«Deja el equipaje en la ribera para verte como quieres que te vea.
Deja el equipaje en la ribera y quémalo».
23 de junio. Vetusta 9Morla.
Detrás de la caja metálica, apareció aquella vela a medio gastar y un pequeño papel quemado por las cuatro esquinas y cubierto de cera. Ahí estaban todos los deseos que había formulado años atrás, en mi primera noche de San Juan sola, cuando todo era nuevo para mí. Cuando el miedo y la ilusión se batían en un pulso. Cuando vislumbraba a lo lejos todo un mundo aún por descubrir.
Pero cómo iban a cumplirse, si ni siquiera habían terminado de quemarse. Apenas recordaba lo que había escrito, aunque podía hacerme una ligera idea. Por entonces solo me importaban tres cosas. No volver a mirar hacía atrás para ver si me seguían, que todo fuera bien en el recién estrenado trabajo y que él cambiara de opinión.
No hay nada peor que las expectativas no cumplidas. Él no solo no me había querido, es que posiblemente ni siquiera me recordaba. Y cinco años después de conocernos, aún planeaba por mi cabeza con más frecuencia de lo que me hubiera gustado.

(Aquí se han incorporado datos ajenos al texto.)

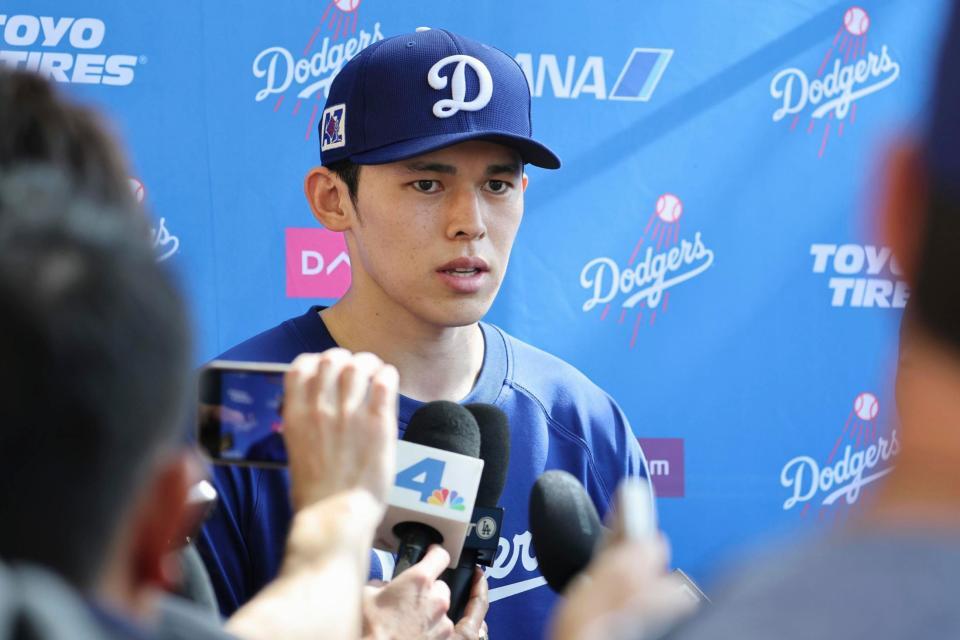 　練習後、記者の質問に答える佐々木（共同）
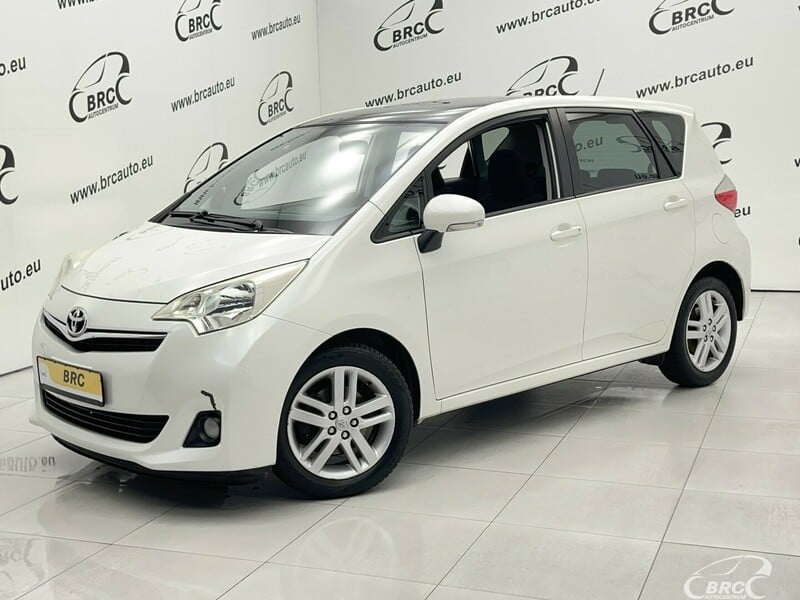 Photo 1 - Toyota Verso-S 1.3i 2012 y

Respecto a mis otros dos objetivos, el primero lo seguía peleando con ayuda de un terapeuta y el segundo… Ese mejor dejarlo para otro momento.
Intenté terminar de quemar aquella nota doblada en el fregadero, pero la llama se hizo tan grande que me dio miedo y enseguida abrí el grifo para apagar el pequeño fuego originado. A veces era un poco cobarde, lo reconozco.
Me quedé mirando el brillo de las gotas en la vela y ese papel que, sorprendentemente, había repelido el agua y seguía seco y a medio quemar. No sabía qué hacer con esos deseos, si tirarlos a la basura o guardarlos en una caja. Algo parecido a lo que me pasaba con mi vida, no sabía si echarla abajo y buscar una nueva o recomponer la que tenía.
Tal vez lo mejor era dejar de desear cosas y que pasara lo que tuviera que pasar. Porque lo único que lograba era frustrarme esperando acontecimientos que no iban a suceder. Alimentaba la tristeza con lágrimas y amargura. Y así, entre papeles, deseos y fingidas hogueras sobrevivía con cuatro tiritas mal puestas que se despegaban cada dos por tres.
Encendí un cigarrillo y di una calada larga. El lunes lo dejo, solía decirme todas las mañanas en voz alta, a ver si me convencía, pero siempre encontraba una razón para seguir fumando. No sabía si me estaba matando más o menos que yo misma, pero era un vicio del que no era capaz de desprenderme. Como pensar en él. Eso también se había convertido en una rutina que cumplía a rajatabla.
Con los ojos medio cerrados la bruma producida por el humo, escondí los antiguos anhelos y el viejo cilindro de cera en el fondo del armario del salón, ya pensaría qué hacer con ellos más tarde. Cogí las llaves del coche y salí de casa mientras me repetía, no más sueños, Lucía, no más pesadillas, toca despertar.
Continuará…
«Y que San Juan no nos queme en su hoguera ni haga de esto un negocio menor.
Cruza los dedos por mí y antes de que vuelva a mirar busca el viento a favor».